Thursday, 8 November 2012

Six Ways To Have Fun With Business Intelligence …!

Are you having fun? Should you be? Could you be? Should work be fun? What about study, exercise, or politics; should they be? This post thinks they should and I agree, so I thought I should see if it can apply to Business Intelligence (BI). 
Here are six ideas:

Be Inquisitive
Indulge yourself in your data a little: roll your sleeves up, start digging and see what you find! Justify the time away from what you should have been doing by not just finding something interesting but acting on it.

Build a Balanced Team

One thing that is sure to drain not only fun but sanity is spending time fire fighting when things go wrong on a BI project. Ensure that you have experience in your team, so that you can head off the fires before they start through good planning. NB experience in this case means not length of time served but track record! Mix this with more junior role for enthusiasm, cost and avoiding ego clashes. 

Choose a Fun Tool 

There is a new breed of tools available that are not only easier for end users to use but also easy for the project team to deliver. BI has been around for getting on for 20 years and the new breed of tools package up a lot of the best practice within the product. Talk to DSCallards, we can make recommendations.

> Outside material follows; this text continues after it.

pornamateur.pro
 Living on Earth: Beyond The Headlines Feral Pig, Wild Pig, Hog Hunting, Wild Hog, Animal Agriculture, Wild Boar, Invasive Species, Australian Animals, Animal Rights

Set High Long Term and Realistic Short Term Expectations With Stakeholders

BI is more of a journey than a destination; help stakeholders understand there are bumps along the way that are best dealt with working together.

Deliver Content in Beta

The speed will please stakeholders without the pressure of guarantees. If they're happy with you, that's fun. Google does it with apps they roll out to millions.

Show Your Colleagues What You're Working On

BI is often very visual so easy to explain, your colleagues will enjoy the fact they've understood it, learnt something and that you've thought them a worthy audience, which is fun. The majority of the time they'll give you useful feedback just by them having a different perspective.